One way the DOJ might distinguish itself from the FTC is through the criminal prosecution of monopolization offenses. On March 2, 2022, Deputy Assistant Attorney General for Criminal Enforcement Richard Powers remarked during a panel discussion on white-collar crime that "market concentration and consolidation is not only a civil antitrust issue," and answered in the affirmative when asked whether the DOJ was prepared to bring criminal charges in monopolization cases. Then, in April, the DOJ quietly updated its Justice Manual adding, among other revisions, the following italicized language to its Sherman Act statute section: "While a violation of this Act may be prosecuted as a felony, in general, the Department reserves criminal prosecution under Section 1 for "per se" unlawful restraints of trade among competitors, e.g., price-fixing, bid-rigging, and market allocation agreements. It may also bring, and has brought, criminal charges under Section 2."4

Kanter also indicated that the DOJ intends to focus on monopoly maintenance cases. Per Kanter: "Monopoly maintenance, in the form of moat-building strategies, helps to prevent the erosion of monopoly positions and thereby harms competition. Enforcers and courts need to do a better job of assessing the overall scheme of monopoly maintenance, including through acquisitions of nascent competitors and the threat of discrimination."

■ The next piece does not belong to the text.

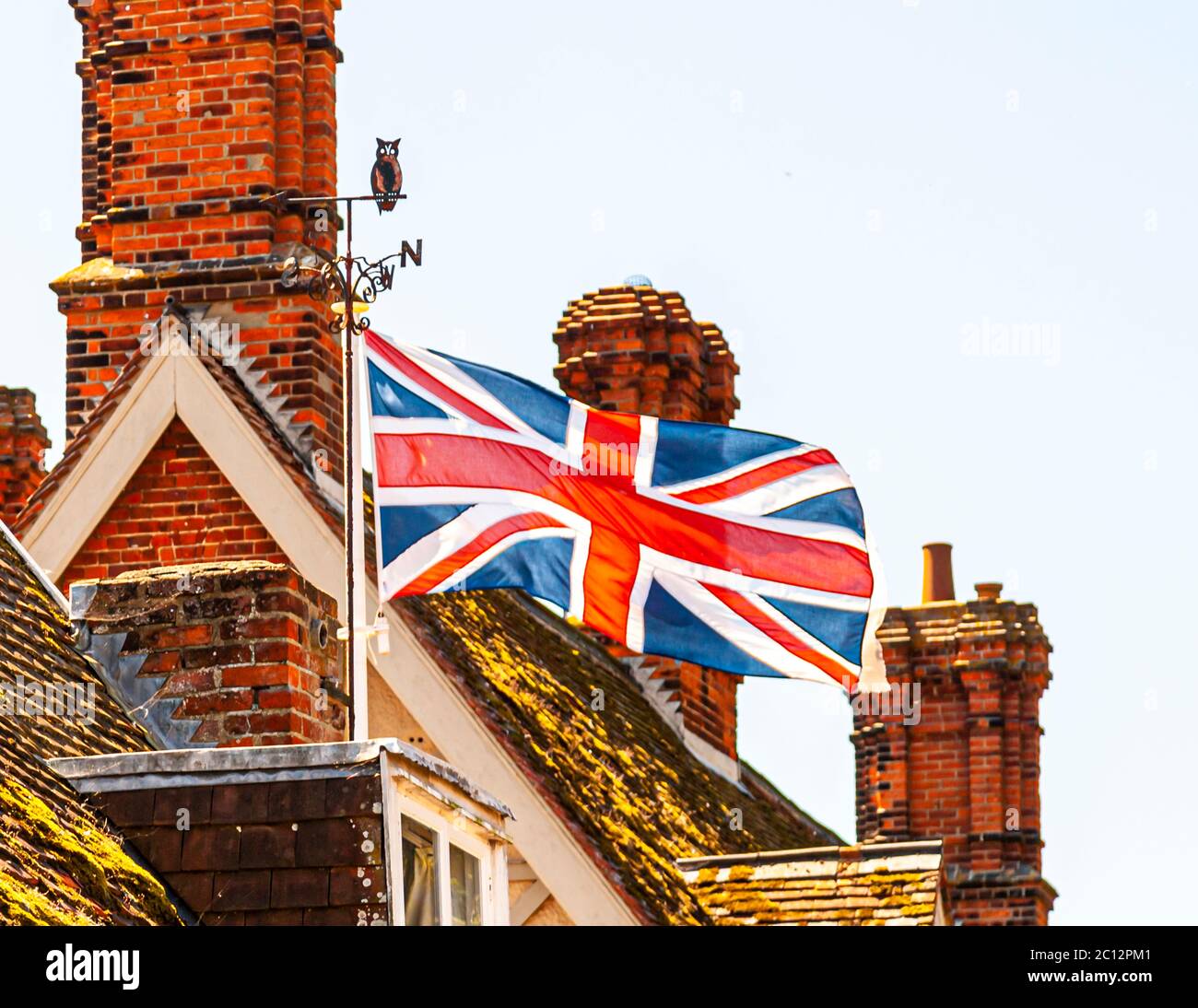 Roofs with chimneys and Union Jack flag in East Suffolk, England Stock Photo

Finally, Kanter stated that the DOJ has an "affirmative 'duty' to 'prevent and restrain' antitrust violations," which he interpreted as a duty to "litigate, not settle," cases, explaining that "settlements [and even divestitures] fail to preserve competition." Further, where a defendant has violated the law, the DOJ will "litigate to remedy the entire harm to competition," usually by "seeking an injunction to stop the anticompetitive conduct or block an anticompetitive merger." This duty to litigate is part of a holistic strategy to ensure that the law will not "stagnate," as it had through past failure to enforce and litigate Section 2 cases.

On May 18, 2022, Kanter delivered the New York City Bar Association's Milton Handler Lecture in which he reiterated several themes from his earlier address, in both his prepared remarks and the Q & A session that followed. Notably, Kanter emphasized the importance of this duty to litigate to merits determinations and argued for the use of "flexible tools that are administrable by the agencies and the courts." In practice, Kanter indicated this would work by asserting more presumptions, found in the case law from the past 110 plus years of enforcement since Standard Oil.5 He proffered that this method of litigation relying on presumptions would provide predictability for businesses and save all parties the months of analysis for complex econometric models pervasive in recent years. Indeed, Kanter quoted Professor Milton Handler himself in remarks made in 1990, at the centennial of the Sherman Act, noting that "the combination of a policy of minimal antitrust enforcement and the glorification of efficiency ha[d] reduced antitrust to [a] parlous condition." If one takes Kanter for his word, the monopoly maintenance case law is about to grow immensely under the DOJ's guidance over the next several years.

Footnotes

1. See FTC v. AbbVie Inc., 107 F. Supp. 3d 428 (E.D. Pa. May 6, 2015); McWane, Inc. v. FTC, 783 F.3d 814 (11 Cir. 2015); King Drug Co. of Florence, Inc. v. Cephalon, Inc., Nos. 2:06–cv–1797, 2:06–cv–1833, 2:06–cv–2768, 2:08–cv–2141, 2014 WL 982848 (E.D. Pa. Mar. 13, 2014) (consolidated case including case brought by FTC).

2. See FTC v. Endo Pharms. Inc., No. 1:21-cv-217-RCL, 2022 WL 951640 (D.D.C. Mar. 30, 2022); FTC v. Shkreli, No. 20-cv-00706-DLC, 2022 WL 135026 (S.D.N.Y. Jan. 14, 2022); FTC v. Facebook, Inc., No. 20-3590-JEB, 2022 WL 103308 (D.D.C. Jan. 11, 2022).

3. See United States v. Microsoft Corp., 253 F.3d 34 (D.C. Cir. 2001).

4. Cf.  Feb. 27, 2022 Wayback Machine Internet Archive capture, at https://web.archive.org/web/20220227215901/https://www.justice.gov/jm/jm-7-2000-prior-approvals.

5. Standard Oil Co. of New Jersey v. United States, 221 U.S. 1, 58 (1911).